Print the entries underneath word for word, omitting whatever pictures they contain.
----- Excerpted data -----
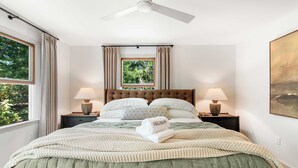 Un lit bien fait, recouvert d’une couvre-lit verte, avec deux lampes de chevet, un ventilateur de plafond et une fenêtre avec des rideaux.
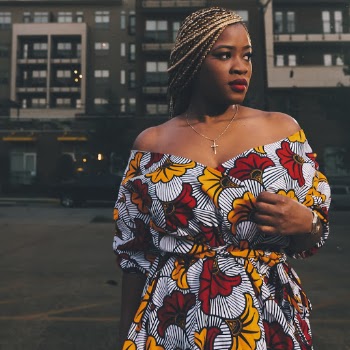 Woman Wearing Multicolored Floral Off-shoulder Dress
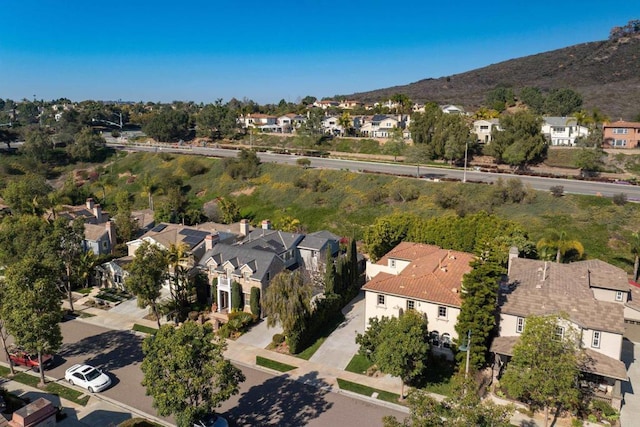 bird's eye view with a mountain view and a residential view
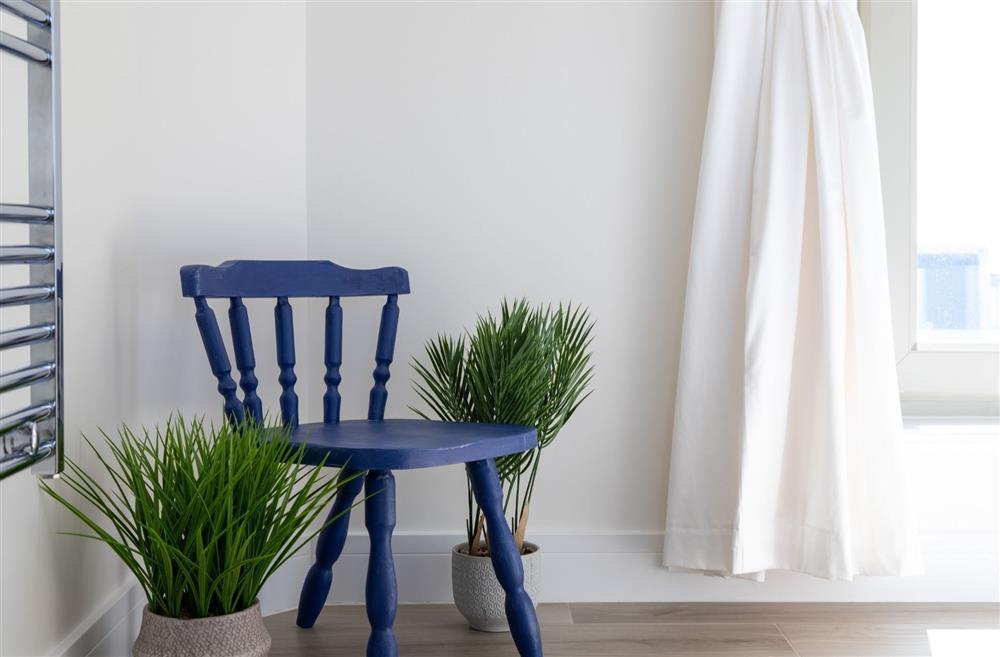 A blue wooden chair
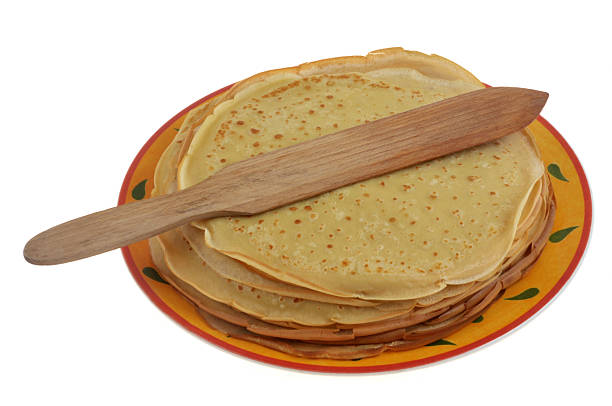 Plate of freshly made crepes on stove in kitchen, closeup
-----
## Result of this exercise:
 Un lit bien fait, recouvert d’une couvre-lit verte, avec deux lampes de chevet, un ventilateur de plafond et une fenêtre avec des rideaux.
 Woman Wearing Multicolored Floral Off-shoulder Dress
 bird's eye view with a mountain view and a residential view
 A blue wooden chair
 Plate of freshly made crepes on stove in kitchen, closeup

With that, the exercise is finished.